In September 2016, Saudi Arabia and OPEC, along with Russia and several other non-OPEC countries, agreed to cooperate in reducing global crude supply, with the intent of stabilizing the global crude price. This informal alliance of OPEC and non-OPEC producers was dubbed "OPEC+,” and would be formalized at the “Joint OPEC-Non-OPEC Producing Countries’ Ministerial Meeting” in December of 2016, via an instrument called the Declaration of Cooperation.20
One month prior to the formal creation of OPEC+, OPEC member countries met on November 30, 2016, for the 171st OPEC Ministerial Conference and agreed to a production adjustment of 1.2 million barrels a day, effective January 1, 2017. Simultaneous with the OPEC agreement was the agreement of eleven non-OPEC members to reduce production by 558,000 barrels per day, effective as of January 1, 2017. 21 Non-OPEC member reductions would also be for six months, extendable for an additional six-month timeframe. This initial 1.8 million barrels per day reduction (1.2 million barrels by OPEC and 600,000 by OPEC+ members) was the first agreement reached by OPEC+, but was followed by numerous additional agreements to control production levels with a view to stabilizing prices.

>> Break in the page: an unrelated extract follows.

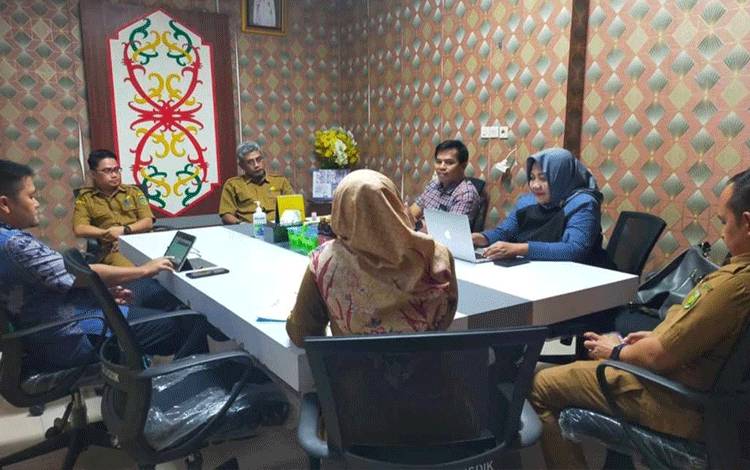 Kepala Dinas Pendidikan Palangka Raya Jayani saat menerima kunjungan dari Kemendikbud RI ( Foto : IST)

Below is a summary of subsequent OPEC+ meetings and the production level adjustments reached by the group since inception:
● Second OPEC+ meeting held May of 2017, where agreement was reached to continue volume reductions for an additional nine months, starting July of 2017 to March of 2018.
● Third OPEC+ meeting in November of 2017, with agreement that the volume adjustments agreed to in May would extend through the entire year of 2018. ● Fifth OPEC+ meeting in December of 2018, the group agreed to revise the initial 1.8 million barrels per day adjustment to 1.2 million barrels per day, starting
January 2019, for a period of six months.
OPEC countries would reduce production by 800,000 barrels per day, while OPEC+ members would reduce production by 400,000 barrels per day. ● Sixth OPEC+ meeting was held in July of 2019, and the December 2018 volume reductions were extended from July 2019 to March 31, 2020. ● Seventh OPEC+ meeting held in
December of 2019, where production cuts were increased to 1.7 million barrels per day by the group, while several additional countries, including Saudi Arabia, agreed to additional voluntary cuts in production, bringing the total reduction to 2.1 million barrels per day.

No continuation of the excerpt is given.